# 192.168.1.1



## alicez (Jul 12, 2008)

I have an Asus tablet and have not problem getting into

http://192.168.1.1

using Google and typing that address in the address bar.

I have another (cheap) Elocity and when I try the same thing, I cannot get into the http://192,168.1.1.
I just get taken to a google page with all info site for 192.168.1.1.
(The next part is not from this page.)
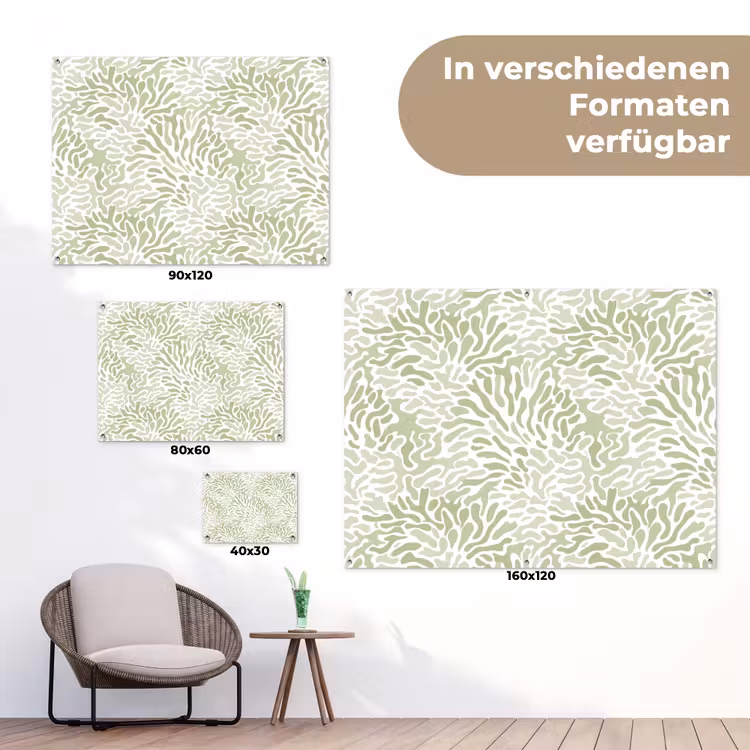 Gartenposter - Salbeigrün – Abstrakt – Organisch – Korallenrot – Muster — 6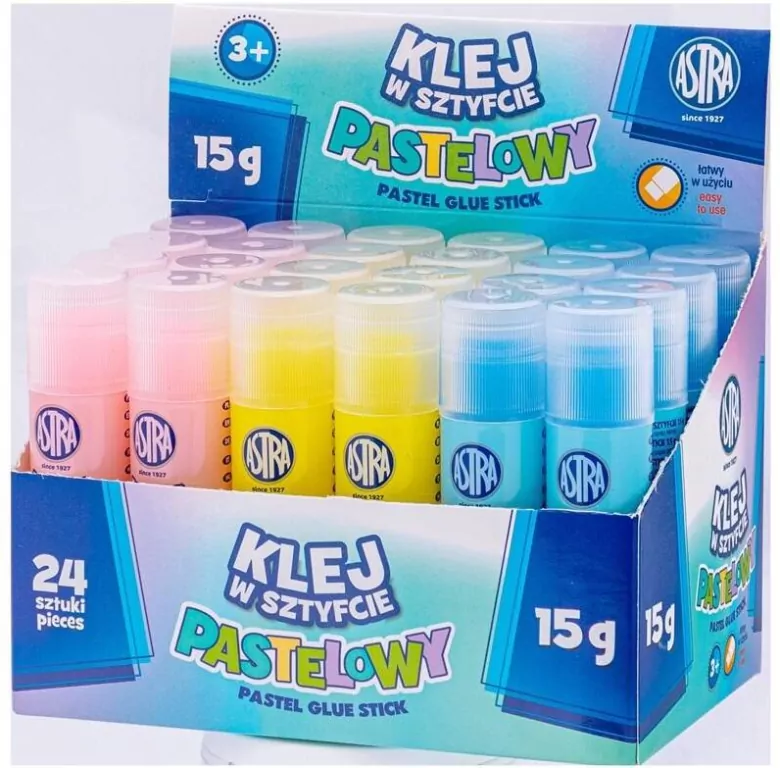 Klej w sztyfcie 15g transparenty, pastelowy. 24 sztuki - tantis.pl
Does anyone know how I can get into 192.168.1.1 using this Elocity?

Thank you.


----------



## TerryNet (Mar 23, 2005)

I moved your thread, as I think the Elocity runs Android and is not an Apple product.


----------



## Elvandil (Aug 1, 2003)

alicez said:


> I have an Asus tablet and have not problem getting into
> 
> http://192.168.1.1
> 
> ...


Where, exactly, are you trying to go? Since that IP address is in a reserved range, it does not lead to any site on the internet. It could be your router, modem, or other network device.


----------



## alicez (Jul 12, 2008)

Elvandil said:


> Where, exactly, are you trying to go? Since that IP address is in a reserved range, it does not lead to any site on the internet. It could be your router, modem, or other network device.


I have typed it in on my Asus (Google) and it takes me the an screen/site that shows the information of my Asus,


----------



## TerryNet (Mar 23, 2005)

Are you saying that the Asus happens to have IP 192.168.1.1? And that is a special way to access settings or status or whatever of it? If so ...

Are both tablets on the same network when you try to access the Asus from the Elocity? Does the Asus permit such remote access?


----------



## Triple6 (Dec 26, 2002)

Are you trying to access your router? Is your router as Asus?

Try typing http://192.168.1.1 into the address bar of the browser on the tablet, be sure you are typing it into the address bar and not a search box as well.

Or try using a different browser, you can install Google Chrome or Mozilla Firefox for Android and try those.


----------